Practice Project: Checkpoint 2

Adding more models and configurations to our project, and familiarising ourselves with artifacts and node selectors.

Sep 23, 2025

Part of the “Mastering dbt” series. Access to the full Study Guide. Let’s connect on LinkedIn!

After reviewing documentation for the dbt_project.yml file, deep-diving into Sources and Models, and understanding how events get logged, it’s time to apply everything we learned to our Practice Project.

In the previous Checkpoint, we introduced the dataset and started adding our first staging models with basic configurations. We are now adding more models to our project, based on a business case, and incorporating more advanced configurations and properties. Finally, we are checking out artifacts and playing around with commands and logs.

In case you haven’t already, you can download the dataset or refer to Checkpoint 1 to build your own fake dataset.

Adding more meat to our project

In this step, we are going to add more models to our project according to the business case below. Remember to follow a branching strategy when adding these models. We are going to stick to Direct Promotion here.

The business case

Let’s expand our business case so we have a guide as to which models might need to be created.

We are working for a company that supplies products that range from Refined Chips to Awesome Computer (we are eclectic like that!). We are a B2B business, which means our clients are other companies whose employees can register in our system and place orders.

We have to create tables that will feed into reports created by a visualisation tool for 4 departments to answer the following business questions:

Sales / Revenue: responsible for driving more revenue by spotting high-value clients and products.
1. Which companies generate the most revenue?
2. Which clients are showing increased/decreased spend over time?
3. Do companies with more employees also spend more?
4. Are high-priced items driving fewer but higher-value sales?
Customer Success: ensure clients fully use their accounts and reduce churn.
1. Which companies are actively placing orders vs. being dormant?
2. How long from signup → first order?
3. Which new clients haven’t placed any orders?
4. Which companies have many employees registered but only a few active order placers?
5. Do employee demographics correlate with order activity? (any areas not being serviced, etc)
Operations: understand demand for products and plan production.
1. What’s the demand per product category over time?
2. Which products are trending upward in sales?
3. Are there seasonal peaks in demand?
User Support: support client employees directly, leveraging demographics and contact data.
1. Which employees are the most active buyers within a company?
2. What’s the contact information of employees driving the most revenue (for proactive support)?

Models to be created

Task: Add further layers to satisfy the business needs above.

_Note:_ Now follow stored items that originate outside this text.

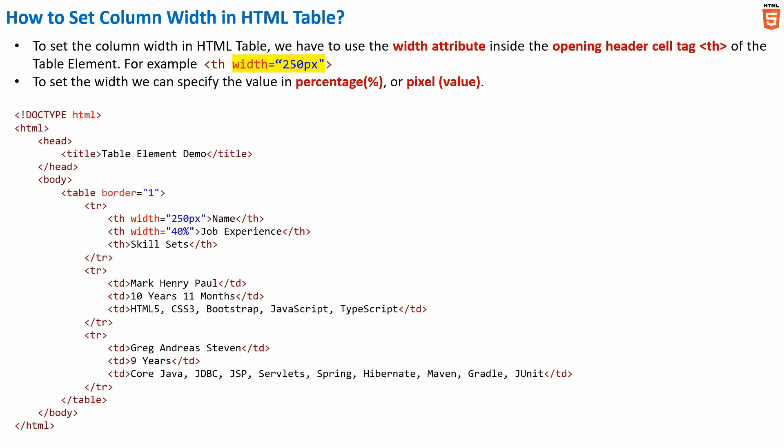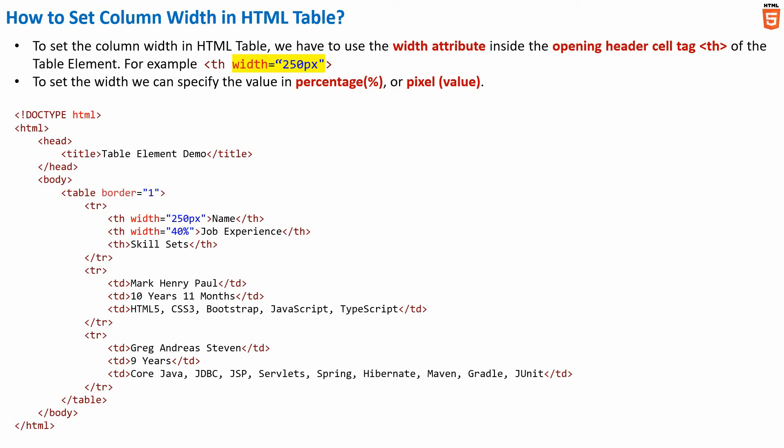Now let me quickly show you a sample code where we have used the width attribute in two columns with different values. Here the value for the width attribute in the name column is 250 pixel and the value for the width attribute in job experience column is 40%. The main purpose of setting the width value in one column as pixel and in the other column in percentage is to show that we can set value either in pixel as well as in percentage.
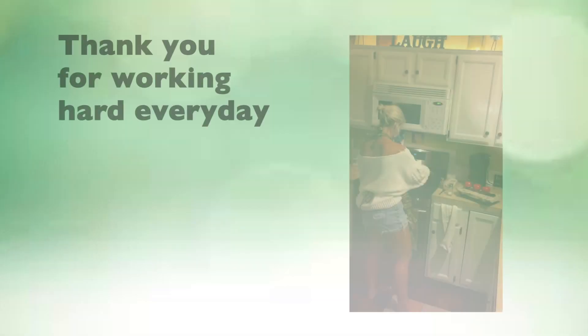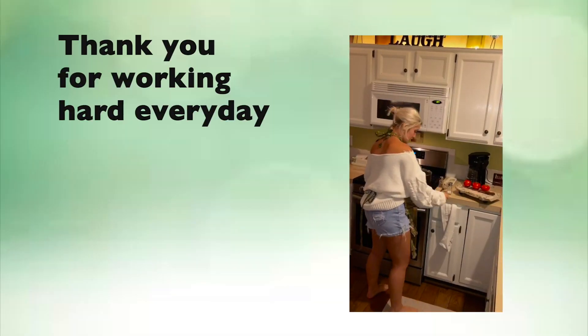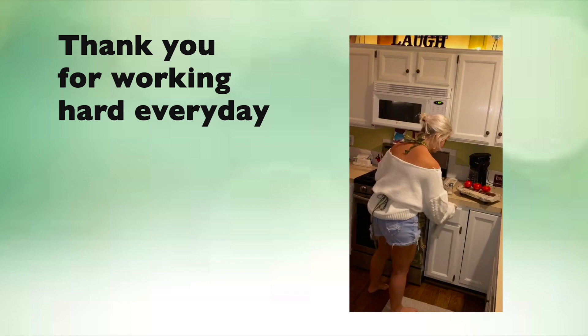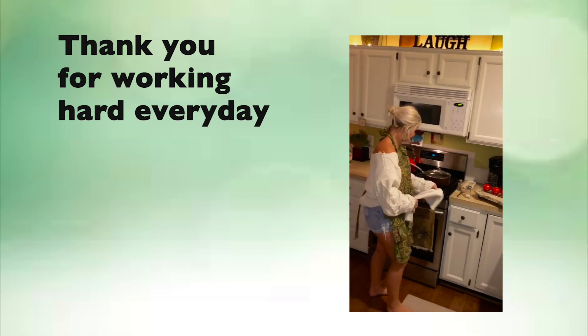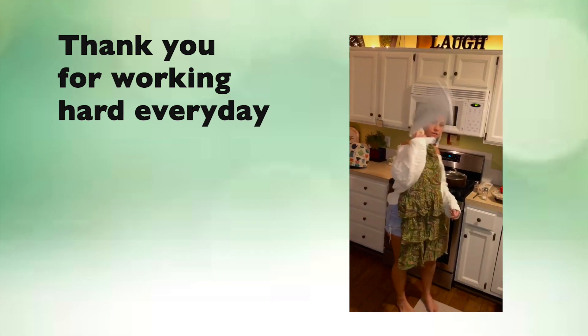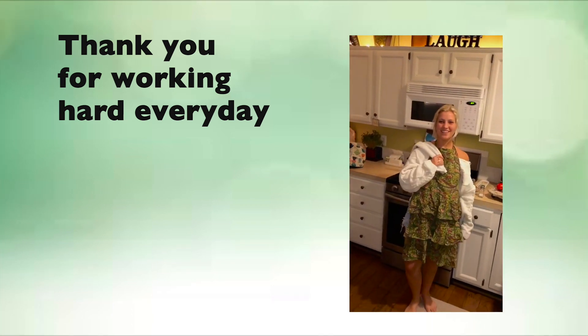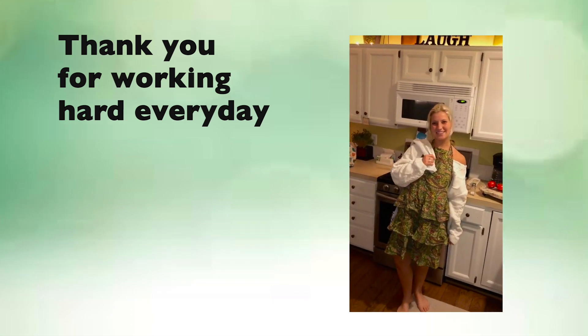Thank you paramedics. Thank you custodians. Thank you restaurant staff. Thank you cafeteria ladies for working hard.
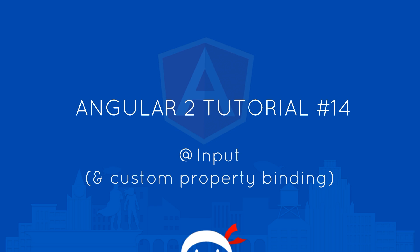Yo, what's happening guys? Welcome to your 14th Angular 2 tutorial and in this video we're going to talk about the input decorator and custom property binding.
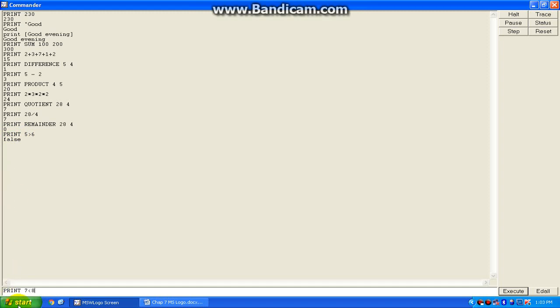7 less than 8. So 7 is less, so the result will appear true when you press enter. And the last one.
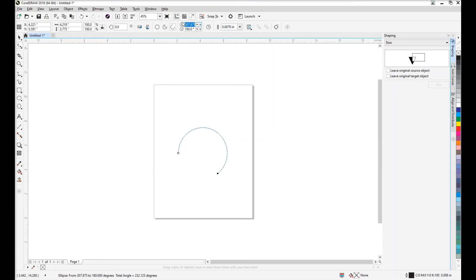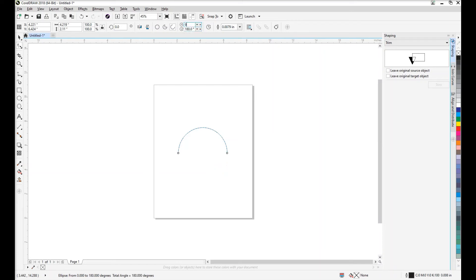Alternatively, in these boxes we can set a starting and ending point. In this case, we'll start at zero degrees and we'll end at 180. Also, let's try it at 90 degrees ending at 180 and now 90 degrees ending at 360.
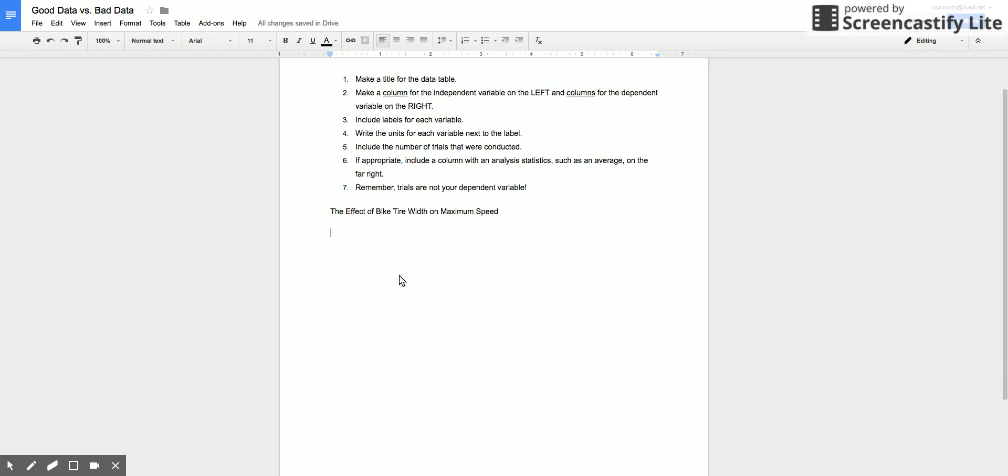So let's say we did three trials and we want to make a good data table for that.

In the previous Checkpoint, we had added the staging models. Now, we are going to complete the DAG all the way to the marts. If you need to review the logic behind layering, we covered project structure in the previous Checkpoint.

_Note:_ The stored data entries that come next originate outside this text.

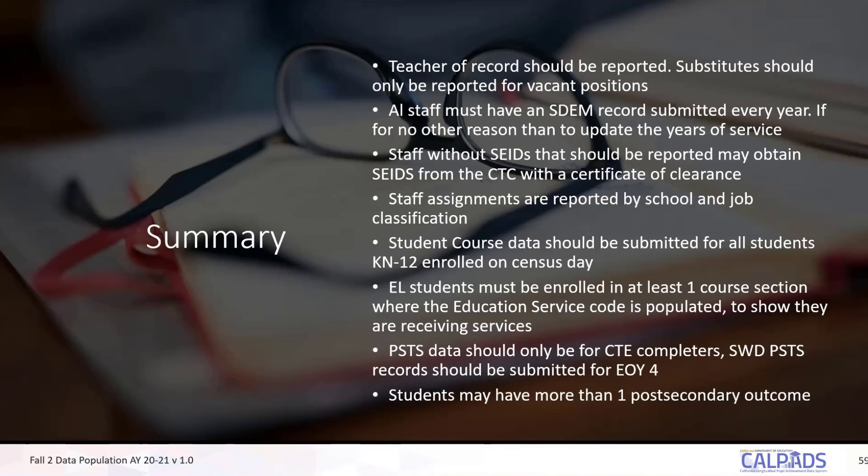Staff assignments are reported by school and by job classification — Kyron described that. Student course data should be submitted for all students, kindergarten through 12th grade, enrolled on Census Day. Primary enrollments, but we would also like the data for secondary and short-term enrollments. The only exclusion is enrollment status 50 — do not submit any student course enrollment records for them.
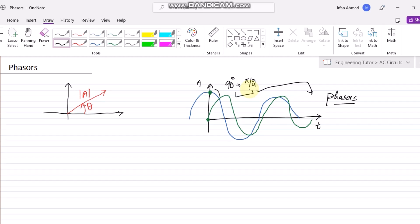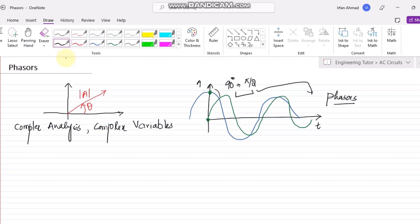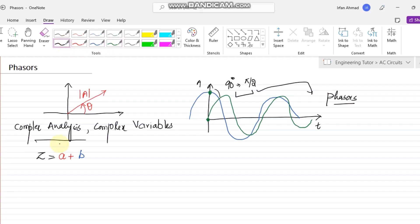To tackle phasors, the basic prerequisite is complex analysis, or complex variables. In complex variables, we have a complex variable z which is equal to a quantity a plus another quantity b, separated by the operator j — so z = a + jb. This is the complex quantity where a is the real term and b is the imaginary term because of j.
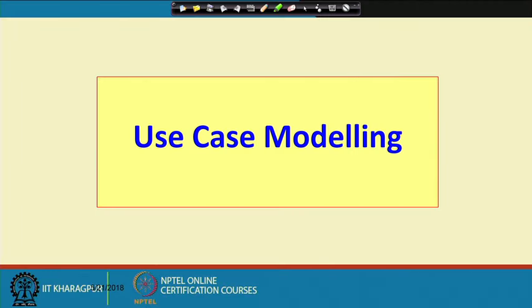Let us first discuss about the use case model — how to construct the use case model for a given problem. And then we will discuss about the other models that need to be developed as part of a software development exercise. Let us first look at use case modeling.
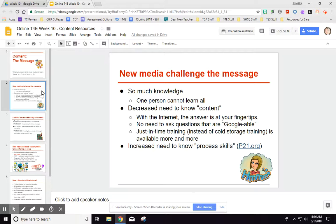But that is no longer the case. New media technology has really challenged the message — there are a lot more perspectives and a lot more information, but it makes it challenging to determine what to teach. There is now so much knowledge available that one person really can't learn it all, and some people have started saying there's a decreased need to know specific content. For example, do we really need every kid to recall that Pearl Harbor happened December 7th, 1941, when the answer is at their fingertips online? Do we really need to ask questions that are Googleable?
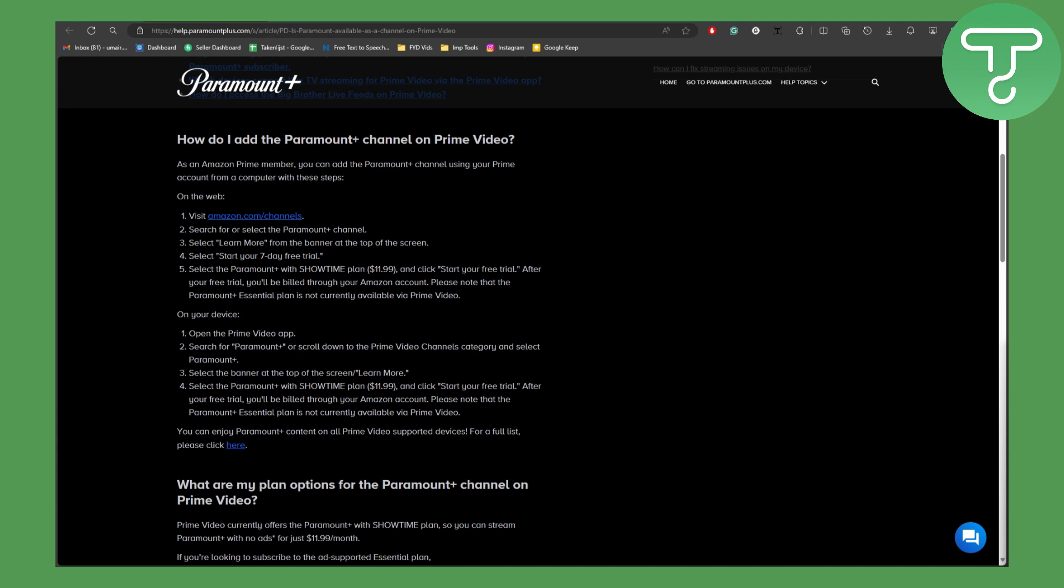After your free trial you will be billed through your Amazon account. Please note that the Paramount Plus Essential plan is not currently available via Prime Video.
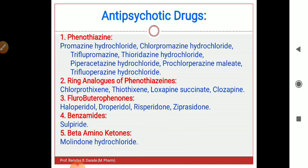Antipsychotic drugs are mainly classified into five classes depending upon the chemical structure of the drug. In medicinal chemistry, classification is completely based on the structure of drug molecules. The five classes are: phenothiazines, ring analogues of phenothiazines, fluorobutyrophenones, benzamides, and beta-aminoketones.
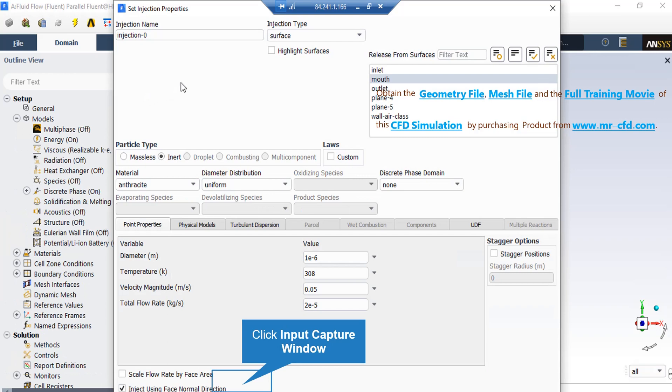Now, in the newly appeared window, under the Injection type, you should select Surface, and after doing that, you can see a new part will appear in which we select Mouth as the boundary we want our injections to be released.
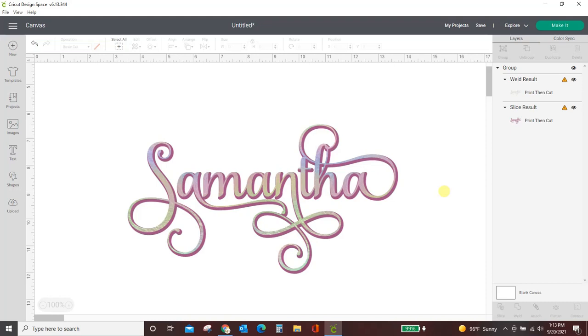Hey guys, Crystal here at Crystal's Crafties, and in today's tutorial I'm going to show you how to use the Samantha font in Cricut Design Space.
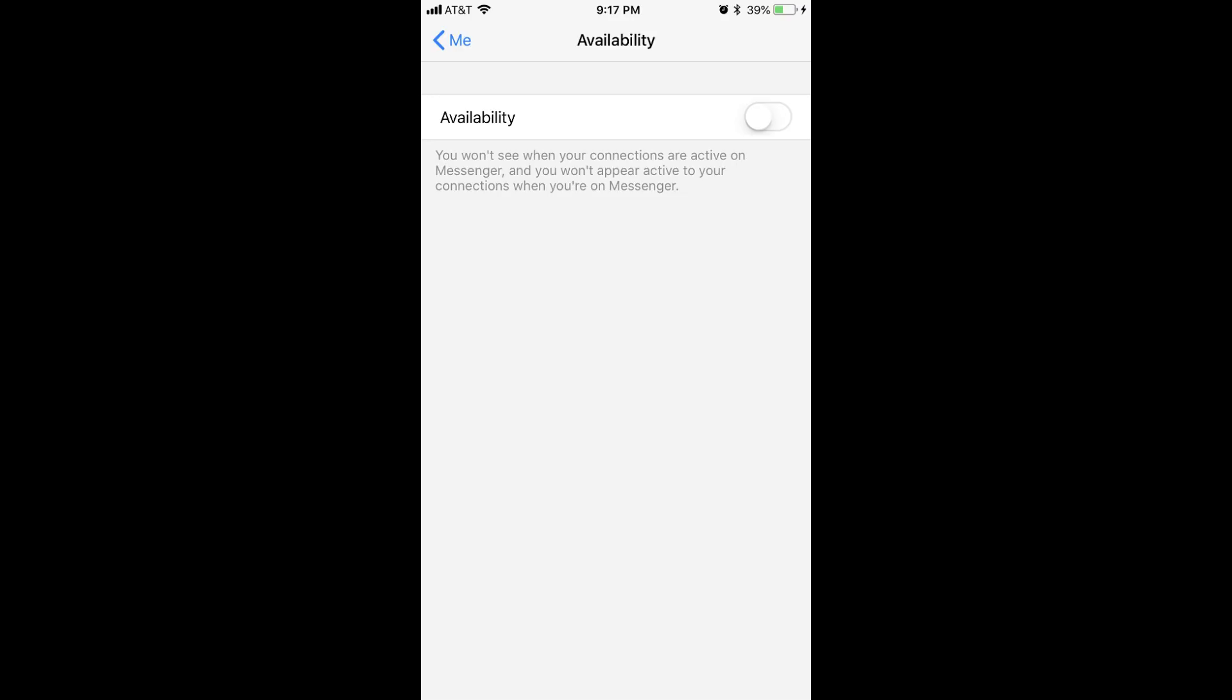You will now appear offline for anyone looking for you in Facebook Messenger. You can set your status back to Active at any time by returning to this section and setting the Availability toggle back to On.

I will share what I did, but, of course, you are free to create your models as you wish. Please note, I added the dbt utils package to take care of some of the transformations.

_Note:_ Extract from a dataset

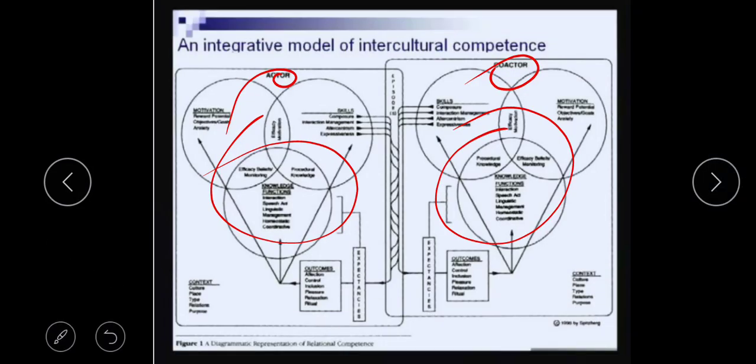Welcome again to this next video lecture. In the previous video lecture, we observed this integrative model of intercultural communication.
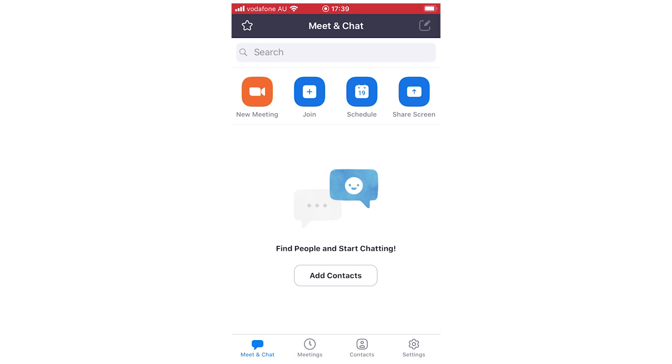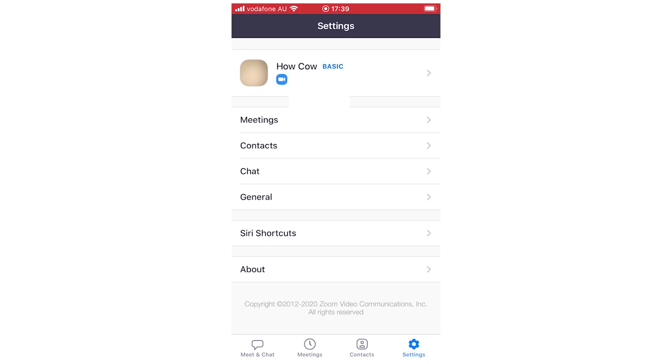So what you're going to want to do is, once you get to this meeting chat, like the home page of it, you're going to want to go to the bottom right hand corner where it says settings, the little cog icon. Click on that and then you're going to go to the settings page.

My folder structure and a description of each model are below. You can also see the models in my repo.

My folder structure - I ended up removing int_company_detail and reworking it as it was breaking a DAG best practice.

Staging: these had already been created in Checkpoint 1, but I made some additional changes.

base_employees: joins the two sources with employee data.
stg_companies: renames columns and removes null company_ids from the source data
stg_employees: renames columns; creates a new column (full_name); codes gender to be F or M; calculates the age based on birthdate; extracts fields from address into separate columns.
stg_orders: adds a surrogate key using the dbt utils package based on date and employee_id, assuming each employee could only place one order per day; renames columns.
stg_products: renames columns and removes null prod_ids from the source data

Intermediate:

int_order_detail: adds company and product information to the orders table; adds an order_value column.

Marts:

Core: these are dimension models that can be used by multiple departments
- dim_company: pulls company data and adds tenure based on date_added.
- dim_date: a date spine built using the dbt utils package.
- dim_employee: pulls employee data and adds tenure based on date_added.
- dim_products: pulls product data and adds tenure based on date_added.
Customer_success:
- fct_company_trend: comp_id and order_date grain with number of orders, items, employees ordering, order_value, and some columns brought in from the date_spine.
- fct_company: creates aggregations by company like latest_order_date, first_order_date, num_orders, max_order_value, min_order_value, avg_order_value, max_order_basket, min_order_basket, and prod_most_ordered; adds a status column based on frequency of ordering.
Operations:
- fct_product_trend: prod_id and order_date grain with number of orders, items, companies, order_value, and some date spine columns.
Sales / Revenue:
- fct_orders: this is just a select from the int_order_detail model. We repeat it here because the int model is being referenced by other marts models and, according to the best practices, marts shouldn’t refer to marts. It’s an extra model, but it helps keep things organised.
- fct_products: creates aggregations by product like latest_order_date, first_order_date, num_orders, max_order_value, min_order_value, avg_order_value, max_order_basket, min_order_basket, and prod_most_ordered; adds a status column based on frequency of ordering.
User_support:
- fct_employees: creates aggregations by employee like latest_order_date, first_order_date, num_orders, max_order_value, min_order_value, avg_order_value, max_order_basket, min_order_basket, and prod_most_ordered; adds a status column based on frequency of ordering.

This is my final DAG. It is breaching the best practice of not having a model join data from a staging and intermediate models. I will rework it at some point.

Defining materialisations

Task: Now that we have reviewed the 3 basic materialisation types, we are going to spice things up. So far, we have set everything up as Views.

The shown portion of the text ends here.